Tuesday, February 5, 2013

Good Things Happening at MSU Wildlife and Fisheries

Here is a cool story from the Mississippi State University Department of Wildlife and Fisheries. Why is an assistant professor of aquatic sciences interested in native grasses? This vision, seeing the connections between wildlife habitat, native grasses as forage and hay, and cattle farming, this is the sort of thing that Landscape Architecture needs to continue to follow as a profession.

From the article:
"We were looking for something that we could use to interject some wildlife habitat in small places on a production livestock operation," Gruchy said. "This would distribute the habitat through the farm and the landscape so we can get maximum benefit for wildlife."
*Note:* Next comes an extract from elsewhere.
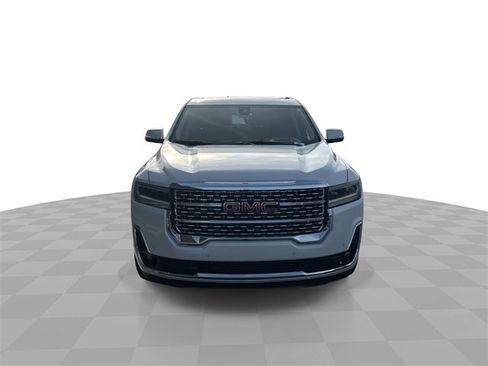 Used 2021 GMC Acadia Denali w/ Denali Ultimate Package image 3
In the past, this was the exclusive domain of wildlife biologists. I read Landscape Architecture, the official magazine of the American Society of Landscape Architects (ASLA), and their focus seems to expand every month. In November they had a cover story on the dead zone in the Gulf of Mexico, but instead of showing us the Gulf, the image was of a midwestern farm, with the title "The Gulf Starts (and Stops) Here." Just this past month they published on the "bonanza in harbor dredging." I applaud this expansion of the discipline. Practitioners should continue to pay close attention to what other managers and stakeholders are doing with the land. I see the above quote as the basis for a great project in a Landscape Architecture class.